C’è una Liberazione dalla guerra, ancora tutta da compiere. Ufficialmente, «l’Italia ripudia la guerra», ma commercia e fornisce armi, bombe e proiettili a eserciti e polizie che devastano l’esistenza di milioni di persone. In Yemen, in Siria, in Afghanistan i raid aerei hanno sganciato decine di migliaia di bombe, anche fabbricate in Italia, anche sui civili. Ad esempio, solo nel 2016 il governo italiano ha autorizzato esportazioni di armamenti all’Arabia Saudita per 427 milioni di euro, di cui 411 milioni erano per bombe da lanciare nei raid aerei. E di anno in anno, i venti di guerra soffiano sempre più forte.
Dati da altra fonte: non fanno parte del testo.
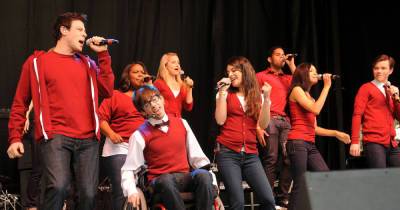 'Glee' cast reunites after anniversary of Naya Rivera's death - www.wonderwall.com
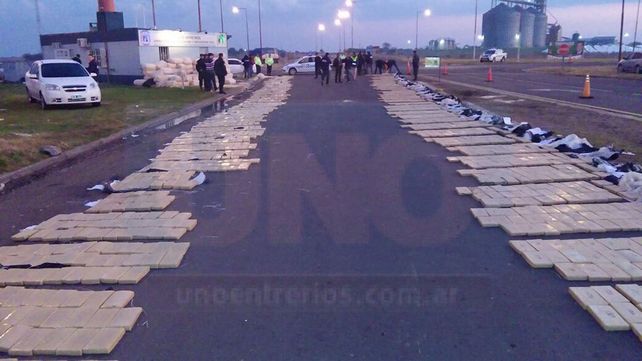 La mitad de los argentinos afirmó que en sus barrios se vende droga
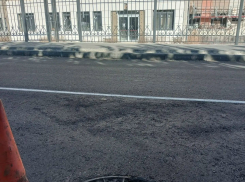 Камышане показали в соцсетях крышку  люка, раскрошившегося на улице Советской за две недели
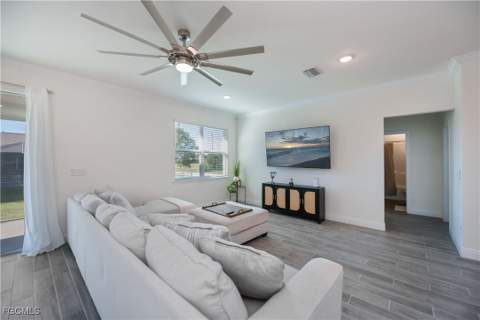 2244 NW 4th Ter, Cape Coral FL - photo 15 of 45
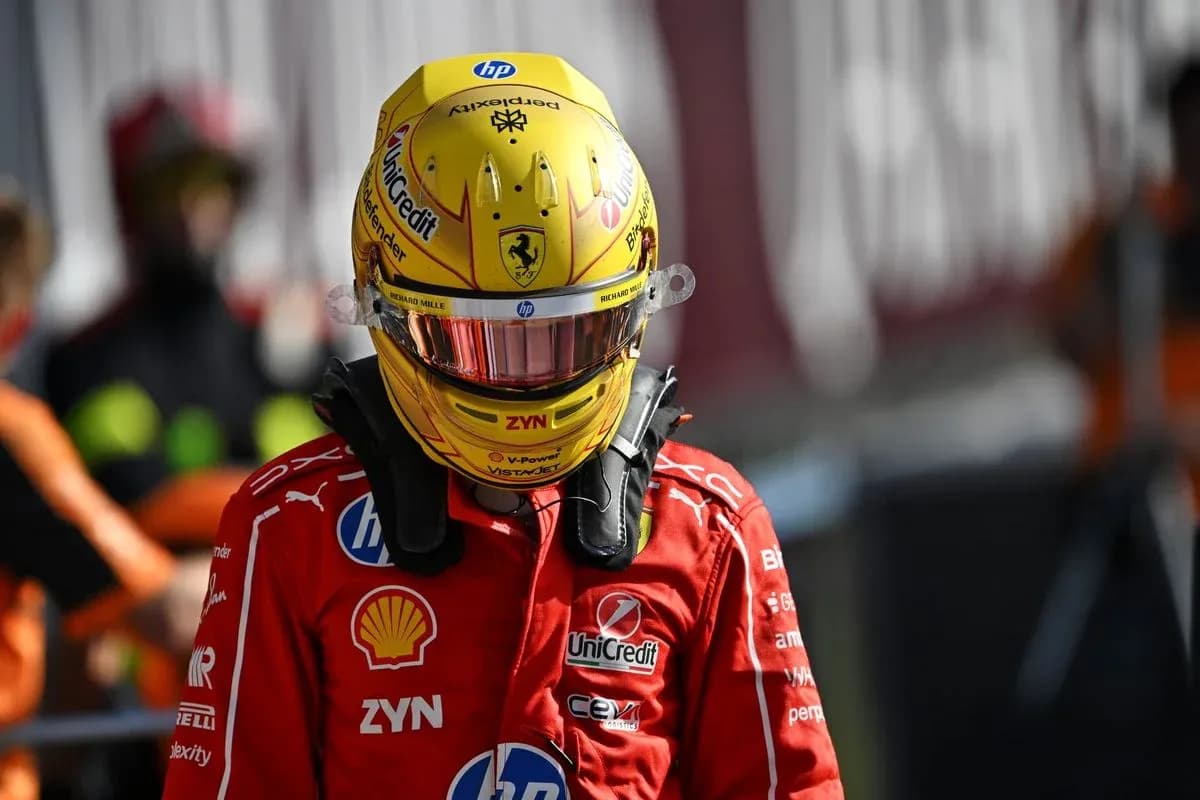 Piloto de Ferrari con casco amarillo en el pit lane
C’è una Liberazione dallo sfruttamento del lavoro, ancora tutta da compiere. Basti dire che ogni anno aumenta sempre più il numero dei morti sul lavoro. Nel 2017 il bollettino della violenza padronale si è chiuso con 900 morti e 600.000 infortuni sul lavoro. Ogni tanto si sente qualche parola di circostanza, i media parlano di «tragica fatalità» o di «imprevedibile disgrazia», ma in realtà è una guerra dei ricchi contro i poveri che devasta e uccide ogni giorno, sotto il velo dell’ipocrisia e del silenzio.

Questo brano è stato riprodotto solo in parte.